20% UM, SHE'S GOOD AT COMEDY
Post-Blind Side (2009) interracial matriarch, Sandra Bullock makes the best of an underwritten Jewish mother role, acting against a less-than-reality-based young costar in the cloying film version of Jonathan Safran Foer's underappreciated novel Extremely Loud and Incredibly Close (2011). For some reason Oscars are rarely bestowed for playing Jewish mamas.

5% WELL, HER HAIR IS CURLY

Andie McDowell, Hollywood's archetypical Jewish mother, plays Selma Lidz, ma of screen-/book (and Sports Illustrated) writer Frank, in Diane "Annie Hall" Keaton's adaption of the critically acclaimed memoir Unstrung Heroes (1995). As wacky uncle Sid Lidz, John Turturro continues the fine Hollywood tradition of Italians playing Jews.

1% BAD FOR THE JEWS
Meryl Streep's turn in the remarkably charmless comedy Prime (2005), as a shrink whose son falls for one of her patients (Uma Thurman), borders on Jewface. The usually nuanced Streep was equally unsubtle as a Jewess in her feature debut, Julia (1977), and as Heartburn's (1986) Nora Ephron stand-in.
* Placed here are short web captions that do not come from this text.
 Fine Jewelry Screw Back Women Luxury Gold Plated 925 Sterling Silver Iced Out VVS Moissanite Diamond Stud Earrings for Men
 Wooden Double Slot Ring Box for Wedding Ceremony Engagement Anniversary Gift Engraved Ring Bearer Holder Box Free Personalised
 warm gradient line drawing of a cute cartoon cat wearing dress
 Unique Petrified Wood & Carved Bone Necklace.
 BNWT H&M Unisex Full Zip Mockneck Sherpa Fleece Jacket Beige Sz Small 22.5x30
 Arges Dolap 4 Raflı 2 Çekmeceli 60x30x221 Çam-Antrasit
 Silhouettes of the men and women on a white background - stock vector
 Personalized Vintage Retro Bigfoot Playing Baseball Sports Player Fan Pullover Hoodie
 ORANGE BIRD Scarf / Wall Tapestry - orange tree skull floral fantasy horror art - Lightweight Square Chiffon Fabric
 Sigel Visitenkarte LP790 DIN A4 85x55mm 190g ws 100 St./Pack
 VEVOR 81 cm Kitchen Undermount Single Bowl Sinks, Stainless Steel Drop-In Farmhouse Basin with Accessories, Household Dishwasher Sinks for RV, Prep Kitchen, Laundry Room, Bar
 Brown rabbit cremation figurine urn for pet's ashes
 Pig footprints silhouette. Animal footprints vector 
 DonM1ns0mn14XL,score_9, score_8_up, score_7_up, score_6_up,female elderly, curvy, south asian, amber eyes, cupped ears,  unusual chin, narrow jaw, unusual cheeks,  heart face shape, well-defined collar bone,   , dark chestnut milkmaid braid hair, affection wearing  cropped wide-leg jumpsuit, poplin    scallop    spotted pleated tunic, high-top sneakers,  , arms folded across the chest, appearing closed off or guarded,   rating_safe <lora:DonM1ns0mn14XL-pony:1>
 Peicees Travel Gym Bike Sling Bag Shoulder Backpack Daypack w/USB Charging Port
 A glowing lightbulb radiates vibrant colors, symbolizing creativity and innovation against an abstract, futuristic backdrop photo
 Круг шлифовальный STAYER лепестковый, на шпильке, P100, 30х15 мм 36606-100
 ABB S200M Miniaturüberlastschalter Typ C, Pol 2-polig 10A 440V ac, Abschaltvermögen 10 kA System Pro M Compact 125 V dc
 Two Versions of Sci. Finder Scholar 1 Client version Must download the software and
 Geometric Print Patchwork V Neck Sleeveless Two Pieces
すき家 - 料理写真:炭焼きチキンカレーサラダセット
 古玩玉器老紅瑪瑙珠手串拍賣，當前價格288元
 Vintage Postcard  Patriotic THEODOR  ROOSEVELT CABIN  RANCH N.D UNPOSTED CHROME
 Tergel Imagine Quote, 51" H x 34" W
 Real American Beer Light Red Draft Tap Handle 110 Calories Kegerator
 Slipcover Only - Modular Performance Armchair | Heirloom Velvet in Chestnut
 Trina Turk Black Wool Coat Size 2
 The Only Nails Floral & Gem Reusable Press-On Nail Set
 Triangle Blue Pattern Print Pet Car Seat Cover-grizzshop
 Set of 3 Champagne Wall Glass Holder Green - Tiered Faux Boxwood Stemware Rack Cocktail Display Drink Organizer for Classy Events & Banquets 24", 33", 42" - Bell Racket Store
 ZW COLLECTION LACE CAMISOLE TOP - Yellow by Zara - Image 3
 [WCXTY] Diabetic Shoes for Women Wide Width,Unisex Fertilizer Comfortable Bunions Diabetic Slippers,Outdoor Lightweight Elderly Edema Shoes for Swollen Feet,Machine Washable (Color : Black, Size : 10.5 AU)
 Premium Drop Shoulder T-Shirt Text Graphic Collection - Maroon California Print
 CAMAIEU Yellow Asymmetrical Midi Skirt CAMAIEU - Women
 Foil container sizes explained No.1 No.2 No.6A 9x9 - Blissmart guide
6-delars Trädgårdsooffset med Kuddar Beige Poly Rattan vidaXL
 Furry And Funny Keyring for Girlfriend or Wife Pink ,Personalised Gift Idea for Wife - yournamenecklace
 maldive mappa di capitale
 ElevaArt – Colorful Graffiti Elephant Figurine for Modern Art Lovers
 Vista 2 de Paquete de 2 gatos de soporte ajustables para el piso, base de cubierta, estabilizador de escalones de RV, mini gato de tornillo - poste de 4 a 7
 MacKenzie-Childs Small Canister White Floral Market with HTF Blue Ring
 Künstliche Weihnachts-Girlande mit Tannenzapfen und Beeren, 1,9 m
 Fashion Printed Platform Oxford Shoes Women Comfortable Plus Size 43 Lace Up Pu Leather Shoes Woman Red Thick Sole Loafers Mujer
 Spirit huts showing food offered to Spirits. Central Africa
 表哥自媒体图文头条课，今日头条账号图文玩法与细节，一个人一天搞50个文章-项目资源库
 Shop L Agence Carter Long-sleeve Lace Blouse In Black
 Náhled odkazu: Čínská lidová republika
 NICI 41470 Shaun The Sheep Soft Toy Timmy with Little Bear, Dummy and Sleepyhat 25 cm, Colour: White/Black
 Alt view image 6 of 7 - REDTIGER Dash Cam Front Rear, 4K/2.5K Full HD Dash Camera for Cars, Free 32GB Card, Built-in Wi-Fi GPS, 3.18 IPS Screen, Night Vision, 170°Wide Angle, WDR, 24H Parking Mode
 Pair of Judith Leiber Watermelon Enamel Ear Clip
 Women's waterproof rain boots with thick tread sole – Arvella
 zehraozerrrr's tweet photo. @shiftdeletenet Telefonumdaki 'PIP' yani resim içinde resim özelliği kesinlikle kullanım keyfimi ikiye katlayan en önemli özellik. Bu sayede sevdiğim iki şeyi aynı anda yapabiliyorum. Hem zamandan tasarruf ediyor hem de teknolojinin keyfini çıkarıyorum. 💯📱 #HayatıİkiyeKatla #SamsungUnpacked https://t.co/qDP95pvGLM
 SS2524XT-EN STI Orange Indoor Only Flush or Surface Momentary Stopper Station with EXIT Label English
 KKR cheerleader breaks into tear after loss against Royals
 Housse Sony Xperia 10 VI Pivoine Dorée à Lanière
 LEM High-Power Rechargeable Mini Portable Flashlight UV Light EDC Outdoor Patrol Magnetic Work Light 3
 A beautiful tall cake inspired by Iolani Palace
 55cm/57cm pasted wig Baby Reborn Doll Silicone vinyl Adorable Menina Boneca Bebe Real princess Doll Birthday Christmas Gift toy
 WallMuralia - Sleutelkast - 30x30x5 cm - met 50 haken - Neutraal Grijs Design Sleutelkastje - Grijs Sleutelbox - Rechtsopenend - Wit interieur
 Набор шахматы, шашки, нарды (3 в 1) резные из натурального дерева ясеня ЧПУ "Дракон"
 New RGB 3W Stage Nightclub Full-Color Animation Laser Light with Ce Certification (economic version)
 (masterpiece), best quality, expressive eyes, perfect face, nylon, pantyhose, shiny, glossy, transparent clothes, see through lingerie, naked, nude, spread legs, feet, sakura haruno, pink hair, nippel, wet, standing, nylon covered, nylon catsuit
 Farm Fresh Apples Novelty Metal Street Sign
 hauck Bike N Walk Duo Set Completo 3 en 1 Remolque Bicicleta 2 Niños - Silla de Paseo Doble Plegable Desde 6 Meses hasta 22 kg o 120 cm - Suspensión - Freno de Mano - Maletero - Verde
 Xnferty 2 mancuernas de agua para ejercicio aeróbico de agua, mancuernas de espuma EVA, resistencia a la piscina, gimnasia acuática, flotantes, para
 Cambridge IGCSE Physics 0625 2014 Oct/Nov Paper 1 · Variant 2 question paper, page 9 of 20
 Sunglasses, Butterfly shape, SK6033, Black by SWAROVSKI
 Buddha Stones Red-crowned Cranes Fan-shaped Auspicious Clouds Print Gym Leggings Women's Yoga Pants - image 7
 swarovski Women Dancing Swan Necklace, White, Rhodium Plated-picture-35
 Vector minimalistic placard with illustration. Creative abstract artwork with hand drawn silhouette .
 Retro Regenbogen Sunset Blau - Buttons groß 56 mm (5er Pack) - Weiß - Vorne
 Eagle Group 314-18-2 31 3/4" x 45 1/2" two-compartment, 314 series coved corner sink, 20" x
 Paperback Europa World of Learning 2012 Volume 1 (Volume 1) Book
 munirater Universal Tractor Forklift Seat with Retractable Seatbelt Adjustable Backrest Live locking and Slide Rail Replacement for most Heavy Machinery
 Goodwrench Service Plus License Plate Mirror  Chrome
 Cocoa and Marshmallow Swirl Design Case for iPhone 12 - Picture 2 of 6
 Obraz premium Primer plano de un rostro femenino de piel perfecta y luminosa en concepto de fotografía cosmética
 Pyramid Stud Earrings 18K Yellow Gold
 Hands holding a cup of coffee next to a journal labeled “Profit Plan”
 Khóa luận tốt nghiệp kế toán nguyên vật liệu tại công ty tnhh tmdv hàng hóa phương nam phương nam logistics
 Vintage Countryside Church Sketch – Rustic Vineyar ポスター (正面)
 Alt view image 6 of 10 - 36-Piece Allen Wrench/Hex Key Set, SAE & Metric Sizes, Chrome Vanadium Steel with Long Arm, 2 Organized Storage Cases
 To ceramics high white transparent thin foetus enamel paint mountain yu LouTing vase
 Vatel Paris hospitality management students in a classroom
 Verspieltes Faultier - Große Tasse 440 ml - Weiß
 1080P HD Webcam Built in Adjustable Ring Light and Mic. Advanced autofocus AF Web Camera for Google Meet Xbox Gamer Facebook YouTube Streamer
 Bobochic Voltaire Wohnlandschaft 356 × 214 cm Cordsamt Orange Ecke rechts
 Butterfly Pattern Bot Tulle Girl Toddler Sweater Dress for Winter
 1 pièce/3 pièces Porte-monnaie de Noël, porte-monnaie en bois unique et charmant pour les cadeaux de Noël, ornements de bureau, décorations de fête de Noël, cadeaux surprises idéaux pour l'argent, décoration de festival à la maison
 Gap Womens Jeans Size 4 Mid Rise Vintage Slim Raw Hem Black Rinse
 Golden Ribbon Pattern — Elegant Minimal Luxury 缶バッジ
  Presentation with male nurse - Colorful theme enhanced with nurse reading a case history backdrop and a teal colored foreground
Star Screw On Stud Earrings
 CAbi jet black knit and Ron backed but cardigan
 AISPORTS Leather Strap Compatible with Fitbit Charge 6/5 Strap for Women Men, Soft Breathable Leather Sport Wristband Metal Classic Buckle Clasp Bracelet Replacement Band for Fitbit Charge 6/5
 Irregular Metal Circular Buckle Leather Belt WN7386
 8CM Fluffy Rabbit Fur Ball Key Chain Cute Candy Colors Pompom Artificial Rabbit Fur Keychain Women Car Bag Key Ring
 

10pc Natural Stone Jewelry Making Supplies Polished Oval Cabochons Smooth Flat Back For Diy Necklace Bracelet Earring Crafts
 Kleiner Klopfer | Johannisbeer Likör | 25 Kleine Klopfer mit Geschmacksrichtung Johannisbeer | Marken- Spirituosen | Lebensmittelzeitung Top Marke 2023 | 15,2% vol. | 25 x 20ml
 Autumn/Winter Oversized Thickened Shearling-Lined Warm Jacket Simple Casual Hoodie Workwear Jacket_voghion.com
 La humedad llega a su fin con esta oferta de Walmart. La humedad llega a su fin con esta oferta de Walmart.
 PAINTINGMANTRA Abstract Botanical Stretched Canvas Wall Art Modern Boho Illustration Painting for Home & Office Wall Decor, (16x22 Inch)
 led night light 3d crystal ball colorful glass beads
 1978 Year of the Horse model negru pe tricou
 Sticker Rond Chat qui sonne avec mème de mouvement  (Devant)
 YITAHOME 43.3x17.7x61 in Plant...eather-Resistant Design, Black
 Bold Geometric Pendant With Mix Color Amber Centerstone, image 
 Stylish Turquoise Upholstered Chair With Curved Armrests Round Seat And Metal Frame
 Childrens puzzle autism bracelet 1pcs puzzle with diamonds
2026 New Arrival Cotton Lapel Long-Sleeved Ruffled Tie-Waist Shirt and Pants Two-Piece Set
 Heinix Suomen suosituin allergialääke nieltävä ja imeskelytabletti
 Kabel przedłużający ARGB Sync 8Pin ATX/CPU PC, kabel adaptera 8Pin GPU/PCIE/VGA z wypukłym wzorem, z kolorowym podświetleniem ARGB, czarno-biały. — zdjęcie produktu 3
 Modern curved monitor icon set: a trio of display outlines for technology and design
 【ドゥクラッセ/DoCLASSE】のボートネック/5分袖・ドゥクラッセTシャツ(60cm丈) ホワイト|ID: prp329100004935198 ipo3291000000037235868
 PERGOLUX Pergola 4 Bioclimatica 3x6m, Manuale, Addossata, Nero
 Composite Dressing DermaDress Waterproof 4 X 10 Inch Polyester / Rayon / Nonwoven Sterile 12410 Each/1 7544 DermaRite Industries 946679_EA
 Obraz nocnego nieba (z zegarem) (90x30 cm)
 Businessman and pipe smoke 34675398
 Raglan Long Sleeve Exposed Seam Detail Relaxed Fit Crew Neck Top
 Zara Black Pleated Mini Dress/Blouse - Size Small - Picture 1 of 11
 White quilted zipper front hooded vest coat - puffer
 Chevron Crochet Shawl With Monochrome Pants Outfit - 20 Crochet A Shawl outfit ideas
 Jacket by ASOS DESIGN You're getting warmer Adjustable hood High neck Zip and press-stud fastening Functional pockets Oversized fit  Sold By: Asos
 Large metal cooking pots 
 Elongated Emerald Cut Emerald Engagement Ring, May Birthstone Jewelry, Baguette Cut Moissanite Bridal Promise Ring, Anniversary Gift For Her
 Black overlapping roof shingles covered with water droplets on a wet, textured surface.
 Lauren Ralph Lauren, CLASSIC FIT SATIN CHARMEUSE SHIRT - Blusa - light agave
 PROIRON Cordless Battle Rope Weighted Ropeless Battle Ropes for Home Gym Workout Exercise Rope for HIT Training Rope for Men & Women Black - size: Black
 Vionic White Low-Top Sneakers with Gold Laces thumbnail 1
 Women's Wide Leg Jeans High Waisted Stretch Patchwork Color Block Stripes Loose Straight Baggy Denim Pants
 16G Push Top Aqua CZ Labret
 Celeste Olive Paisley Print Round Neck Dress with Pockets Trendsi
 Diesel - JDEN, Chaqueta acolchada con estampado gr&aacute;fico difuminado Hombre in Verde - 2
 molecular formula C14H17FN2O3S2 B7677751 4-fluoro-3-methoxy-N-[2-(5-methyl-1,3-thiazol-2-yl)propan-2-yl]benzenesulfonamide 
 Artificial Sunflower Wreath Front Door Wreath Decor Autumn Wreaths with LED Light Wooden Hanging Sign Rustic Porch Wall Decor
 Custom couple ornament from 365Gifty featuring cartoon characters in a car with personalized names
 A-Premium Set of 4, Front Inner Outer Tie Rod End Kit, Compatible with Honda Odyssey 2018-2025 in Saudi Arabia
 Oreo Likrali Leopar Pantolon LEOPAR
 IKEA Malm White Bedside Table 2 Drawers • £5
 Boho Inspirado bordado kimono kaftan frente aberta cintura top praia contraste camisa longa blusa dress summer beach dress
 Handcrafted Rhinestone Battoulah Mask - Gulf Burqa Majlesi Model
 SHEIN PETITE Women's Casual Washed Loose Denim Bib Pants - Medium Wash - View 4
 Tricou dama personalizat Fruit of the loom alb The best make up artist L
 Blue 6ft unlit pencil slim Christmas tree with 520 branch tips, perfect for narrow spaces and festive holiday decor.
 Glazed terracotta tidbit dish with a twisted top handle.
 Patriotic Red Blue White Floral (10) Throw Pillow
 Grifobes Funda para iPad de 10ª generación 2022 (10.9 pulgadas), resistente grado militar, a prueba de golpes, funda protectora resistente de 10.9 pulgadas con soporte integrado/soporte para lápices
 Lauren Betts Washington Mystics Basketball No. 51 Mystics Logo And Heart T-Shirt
The famously-maternal-in-real-life actress did shine in other matriarchal roles, however: philandering martyr momma in The Bridges of Madison County (1995), child abandoner in Kramer vs. Kramer (1979) and Manhattan's (1979) hilariously dismissive lesbian mom.

And just in time for Father's Day...
Everybody's favorite daddy's girl Jennifer Aniston has yen for parenthood in 2010's The Switch, and it accidentally leads to a boy (Thomas Robinson, wonderful) whose highly anxious nature echoes that of Aniston's BFF Jason Bateman. An astringent yet achingly tender father-son love story, Switch boasts a diverting, prickly script -- based on a Jeffrey Eugenides short story -- refreshingly adult chemistry between real-life buds Bateman and Aniston, and for additional flavor, the comedy stylings of Jeff Goldblum, Juliette Lewis and Patrick Wilson.